The Consumer Finance Protection Agency (CFPA), as it is being called, would ideally be able to prevent banks from luring people into those sub-prime loans that caused so much trouble for the economy when they started to go south, causing the recession. Further, this agency, or an existing regulator, must be given the power to regulate the complex securities such as credit default swaps that few people can truly claim to understand. Institutions that are Too Big To Fail, or TBTF, also need to be dealt with in a way that reduces the ability of these few companies to have a drastic effect on the economy should they get in trouble and face the risk of collapse. I can understand the desire to prevent another round of bailouts, but the Republicans’ constant repetition of this talking point even after it has been proven false just makes me wonder.
Republicans are alleging that the proposed fund is nothing more than ensuring that there will be another round of bailouts whenever companies need them. The Democrats leading the reform effort, from President Obama and Sen. Chris Dodd (D-Conn.) on down, are all saying that this is not true at all. I tend to believe them, only because you have to admit that Senator McConnell’s outright opposition to the reform bill being announced after he met with several Wall Street bankers seems pretty suspicious. Sure, the GOP has traditionally been the party that favors a free-market economy, but isn’t being seen as in favor of the status quo on Wall Street the last thing a member of Congress wants with so much anger directed at these bankers?
Thus, McConnell and the rest of the GOP are in a bind; if they hold out on their position as steadfastly as they did on health care, it will be so easy to label them as being too friendly toward the very people who are being popularly blamed for the financial crisis. On the other hand, if they capitulate too quickly, then they will be seen as being soft and foresaking conservative principles. This label would be particularly effective with respect to the CFPA; Republicans under President George W. Bush created the Department of Homeland Security, one of the greatest big-government accomplishments of the past 50 years, and such fears will certainly be brought up about the CFPA if they haven’t already.

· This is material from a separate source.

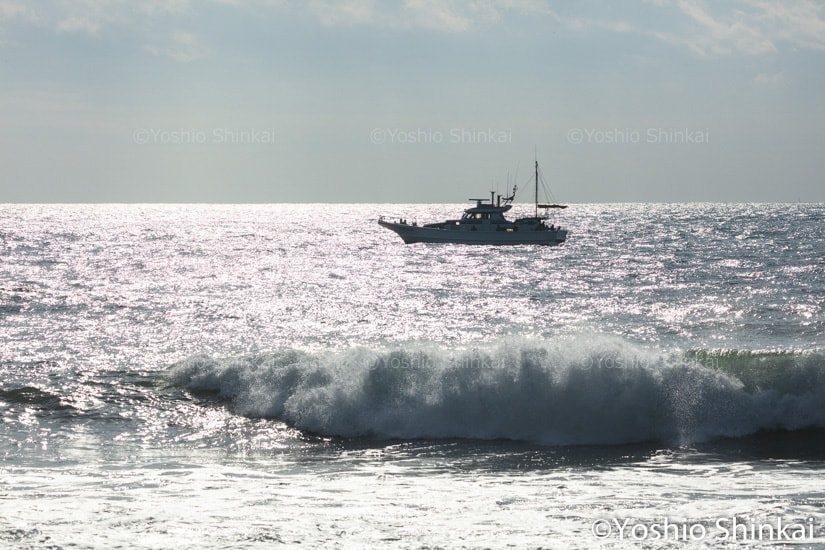 海と船のきらめき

However, the Republicans may have a way out with this: According to another CNN article [“White House scrutinizes Senate bill’s bank liquidation fund,”April 17], the White House is apparently seriously considering having Senator Dodd remove the $50 billion fund from the bill. If that’s what it takes to make it a bipartisan bill, so be it. However, having a way to deal with TBTF effectively while minimizing risk to the taxpayers and the broader economy is absolutely critical to ensuring we do not have this debate again in 10 years.